À Moscou, l’université Bauman forme en secret l’élite des hackeurs du Kremlin
Révélation par un consortium de sept médias: dans les salles de classe de l’université , on forme les futurs agents du GRU, le service de renseignement militaire russe.
Dans un bâtiment néoclassique aux façades beiges longeant la Moskova, l’une des plus prestigieuses universités techniques de Russie cache un secret bien gardé. L’université Bauman, vénérable institution fondée en 1830, abrite depuis plusieurs années le « Département 4 », une structure clandestine qui forme les futurs agents cybernétiques du GRU, le redoutable service de renseignement militaire russe.
C’est ce que révèle une enquête exclusive menée par un consortium de sept médias internationaux – Le Monde, Der Spiegel, The Guardian, The Insider, Delfi, VSquare et Frontstory – dont les résultats ont été publiés ce mercredi. Basée sur plus de 2 000 documents internes confidentiels, cette investigation lève le voile sur la militarisation systématique de l’éducation supérieure russe au service de la guerre hybride de Vladimir Poutine.
Des cours pour « hacker un serveur » et « créer un virus »
Les documents obtenus par les journalistes – programmes d’enseignement, contrats, listes nominatives couvrant 2022 à 2024 – détaillent le fonctionnement du Département 4, également appelé « Formation spéciale ». Cette structure est divisée en trois filières, dont la principale, le programme 093400 ou « Service de reconnaissance spéciale », forme directement pour le GRU.
Contrairement aux cursus classiques de cybersécurité, les étudiants de Bauman apprennent explicitement à « développer une campagne de propagande », « hacker un serveur », « créer un virus » et « cracker un mot de passe ». Le GRU supervise personnellement le recrutement, envoyant ses officiers administrer les examens et valider les affectations. À leur diplôme, les meilleurs éléments rejoignent les unités d’élite du renseignement militaire.
Daniil Porshin : du terrain de football aux cyberattaques
Le parcours de Daniil Porshin illustre parfaitement ce système. Étudiant modèle pendant six ans à Bauman, où il maintenait des résultats quasi-parfaits tout en jouant dans l’équipe de football de la faculté, il a été diplômé en 2024. Puis il a disparu des radars civils. Les documents révèlent qu’il a été secrètement affecté à l’Unité 26165 du GRU, mieux connue sous le nom de Fancy Bear, l’un des groupes de hackeurs les plus redoutés au monde. Quinze autres étudiants de sa promotion ont suivi le même chemin.

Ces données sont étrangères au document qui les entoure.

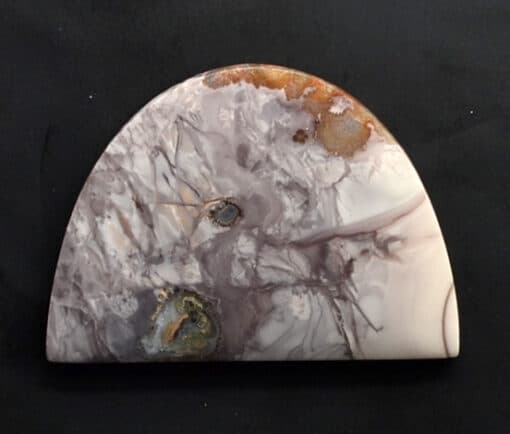 A piece of white and brown marble on a black surface.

Cette unité porte la signature de nombreuses opérations majeures contre l’Occident. En 2015, elle a saboté la chaîne TV5 Monde pour y diffuser de la propagande jihadiste. En 2017, elle a volé les emails de l’équipe d’Emmanuel Macron en pleine campagne présidentielle. En 2024, elle a tenté de déstabiliser l’organisation des Jeux olympiques de Paris. Entre-temps, elle a piraté le Bundestag allemand, compromettant les comptes de la chancelière Angela Merkel, et infiltré le Comité national démocrate américain pour influencer l’élection présidentielle de 2016.
Une institution au service de l’appareil militaire
L’université Bauman n’est pas devenue une pépinière d’agents du GRU par hasard. Dans une correspondance de 2013 consultée par The Guardian, le recteur informait le ministre de la Défense que Bauman effectuait plus de recherches pour le ministère que n’importe quel établissement russe, avec plus de 40% de ses travaux réalisés pour ce ministère.
Vladimir Poutine lui-même a visité l’université en avril 2025. Le compte-rendu officiel du Kremlin a soigneusement omis toute mention du Département 4. Pourtant, c’est bien là que se forge l’avenir de la cyberguerre russe, dans une fusion totale entre éducation supérieure et appareil sécuritaire.
Faire la guerre sans tirer un coup de feu
Les diplômés de Bauman déploient aujourd’hui des techniques sophistiquées documentées par les agences occidentales : campagnes massives de « password spraying » testant des milliers de mots de passe sur de multiples comptes, vagues de spear-phishing individualisé dans la langue native des cibles, développement de malwares comme Drovorub utilisé contre l’Ukraine.
Cette enquête montre comment Moscou a transformé une institution centenaire en arme stratégique, formant méthodiquement une armée de l’ombre capable de frapper les démocraties occidentales sans tirer un seul coup de feu. Dans les salles de classe de Bauman, la guerre du XXIe siècle s’apprend sur des claviers.